Forces et faiblesses de l’ONU sous la loupe suisse
Discuter de la position future de la Suisse face à l´ONU est un exercice qui passe forcément par un bilan de l´organisation mondiale. Le colloque organisé sur ce thème à Genève a pour cela donné la parole à des acteurs venus de l´intérieur de la Maison.
Retracer l’histoire des idées qui ont fait les heurs et malheurs des Nations unies est un travail auquel des spécialistes s’attellent depuis quelque temps déjà. Leurs chroniques commencent à être publiées. Ancien secrétaire général adjoint de l’ONU, le Français Yves Berthelot s’en inspire pour apporter un premier éclairage dans ce colloque organisé fin septembre par le Forum suisse de politique internationale.
Les idées fortes de la Charte de l’ONU, qu’il résume sous les quatre titres de paix, indépendance, droits de l’homme et développement, n’étaient pas forcément nouvelles. Mais, précise-t-il, «pour la première fois, elles étaient incarnées dans une institution avec la volonté de faire de ces principes la fondation d’une ère nouvelle».
Dans ces domaines, le bilan est selon lui loin d’être négligeable: «depuis 1945, il y a eu de par le monde 165 guerres, mais on ne peut compter les conflits qui ont été évités grâce à la diplomatie préventive des diplomates de l’ONU, dont certains ambassadeurs de Suisse… On ne peut dénier à l’Organisation un certain succès dans la construction de la paix».
Sur ce thème, Cornelio Sommaruga fournit un intéressant contrepoint. Ce n’est pas que l’ex-président du Comité international de la Croix-Rouge fasse resurgir à la mémoire les terribles tragédies humanitaires qu’il a dû affronter pendant son mandat. Non. Il rend simplement compte d’un travail critique auquel il vient de participer à la demande de Kofi Annan.

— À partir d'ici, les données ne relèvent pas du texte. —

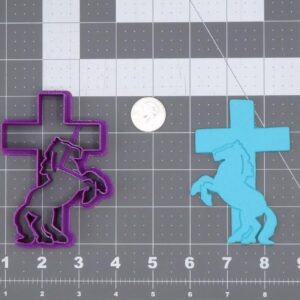 Horse and Cross 266 H316 Cookie Cutter for Baking Shortbread Biscuits Fondant Clay Crafts Cake Toppers Religious Western Theme Party Supplies DIY Projects Gifts and Creative Craft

Le secrétaire général de l’ONU l’avait en effet impliqué dans un groupe d’experts internationaux chargés de passer sous la loupe la façon dont les Nations unies gèrent leurs opérations de paix. On n’ira pas dans le détail de leur rapport, mais, à en croire Cornelio Sommaruga, ils ont eu droit à «beaucoup de surprises» et à «quelques frustrations devant la bureaucratie onusienne». Ils y ont découvert des «incohérences intolérables».
«Pour donner une chance à la paix, explique Cornelio Sommaruga, il faut avoir la volonté de changer vite et bien.» Il faut que le Conseil de sécurité donne des «mandats clairs, crédibles et réalistes» et que les États démontrent «des engagements effectifs et non seulement de vagues promesses verbales».
Dans un autre registre, c’est à peu près le même langage que tiennent deux diplomates invités par le Forum suisse de politique internationale. Le ministre japonais Makoto Katsura, par exemple, n’hésite pas à prédire que le Conseil de sécurité ne fonctionnera plus si on ne change pas ses structures qui datent d’une autre époque.
Selon lui, des réformes s’imposent au sein du Conseil de sécurité qui doit mieux refléter les nouvelles donnes géostratégiques du monde actuel. A réformer aussi le système de cotisations de l’ONU tout comme ses activités dans le domaine du développement.
L’ambassadeur brésilien Celso Amorim, qui a personnellement présidé ce Conseil en janvier 1999, constate lui aussi que l’ONU connaît des problèmes de légitimité et d’efficacité. Les volontés politiques y sont asymétriques: là on intervient, ailleurs on reste passif. D’où sa conclusion: «la force des Nations unies, c’est le droit; la faiblesse, c’est le pouvoir».